Ever since Gone Girl took both the book world and film world by storm, we’ve seen dozens of stories in a similar mold: Twisty thrillers centered around women, often with elements of unreliable narrators, unknown pasts, and themes of women wronged and mistrusted by a patriarchal society. You know the type. A plurality have a title that’s something like “The ____’s Wife/Daughter/Mother” or “The ___ in the ____,” including today’s selection.
These types of stories are like Utz potato chips. You know it’s not fine cuisine, but if it’s just hanging around, you’re not gonna say no. You know you’ll get a rush in the moment, and won’t feel too bad about it later, unless perhaps you over-indulge.
In other words, this is one of those subgenres of film that has a pretty high floor of enjoyability: Give us a prestige actress manipulating her memories, fearing for her life, some jump scares and twists, and you’ve got yourself a piece of entertainment.
I guess I use all of that as preamble to The Woman in the Window because it’s not all that good, and yet it’s still pretty watchable and fascinating, even in its badness. We have Amy Adams starring as Anna Fox, a woman suffering agoraphobia due to some mysterious trauma. The story is a riff on Rear Window (the “Window” in the title is our clue). Anna believes she witnesses the murder of Jane Russell (Julianne Moore) by her husband Alistair (Gary Oldman). When none of the evidence supports this — including Jane Russell *gasp* reappearing as a different actress — Anna becomes a depressive gumshoe, trying to piece together her reality as she binges on wine and antidepressants. (No fewer than four characters make some remark along the lines of “you shouldn’t be drinking with those meds; you might start hallucinating” — think we might get some unreliable narrator shenanigans?)
The movie features some of the most fractured, choppy editing I’ve ever seen. Some of this I attribute to the artistic decision of subjectively capturing Anna’s perspective, but there’s undoubtedly some incompetence mixed in there as well.
The plot spirals in and out of coherency and clumsiness, not helped at all by the ham-fisted acting that plays almost like parody: Adams changes her mind about five times about how shrill and desperate to play Anna; Oldman is unhinged; Wyatt Russell gives a baffling performance as a maybe-friendly-maybe-sinister roommate; and Fred Hechinger is catastrophically bad as the son of Jane and Alistair. It’s really only Moore who seems to hit the exact right notes for her character, despite (or perhaps due to) being on screen for like 4 minutes total.
There’s some interesting stylization to The Woman in the Window that evokes the claustrophobia of the situation. One scene in particular, about an hour into the film, frames Adams in an isolated symmetry in an extended, zooming shot as she makes some dramatic realizations. It made me wonder if I was being too hard on the movie up to that point.
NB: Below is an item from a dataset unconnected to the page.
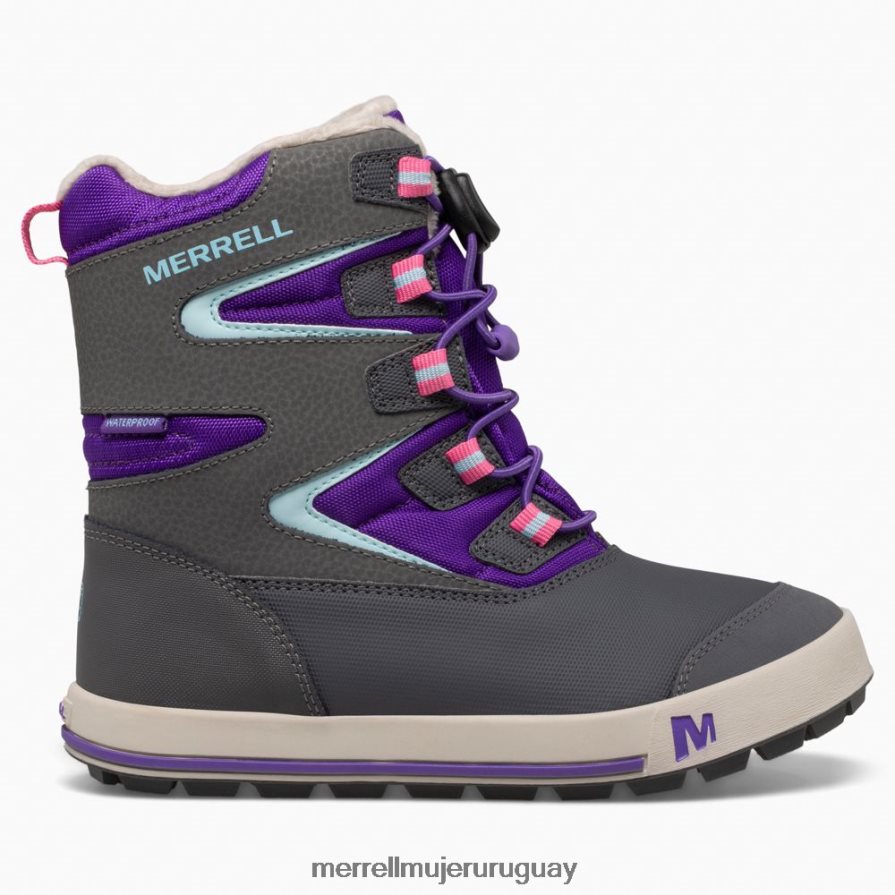 Merrell Bota banco de nieve 3.0 (mk166223k) zapatos JPDRFN1484 ultravioleta/gris niños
But then, the final 40 minutes are a trainwreck, and my generosity vanished.
The ending is aggressively stupid, not helped by an extremely predictable twist. (Do you think maybe the one person Anna doesn’t suspect but who always appears shortly after some tense moment might be up to something?) My wife says that there’s a bit more depth to the ending in the source novel, but that’s not a high bar to clear.
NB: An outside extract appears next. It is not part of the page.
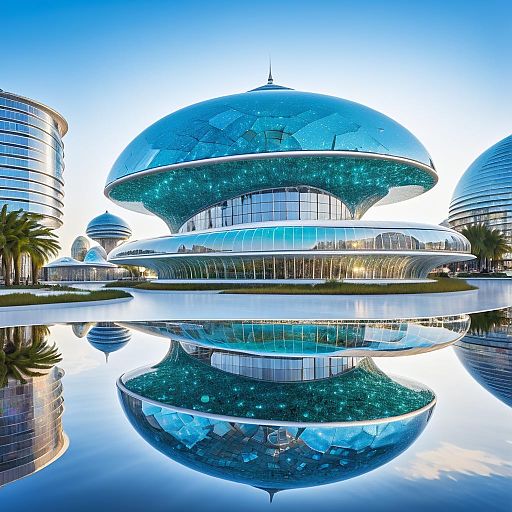 Glittering Futuristic Art Center Design Glittering Futuristic Art Center Design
Since watching, I’ve learned that the film was chopped up after some negative test screenings. Its behind-the-scenes confusion is pretty clear in retrospect — there’s just a lot going on that doesn’t make sense, and the inconsistency of the editing is a major red flag.
So, yeah, The Woman in the Window is still an Utz potato chip. But it’s one of those half-burnt ones covered salt you find at the bottom of the bag.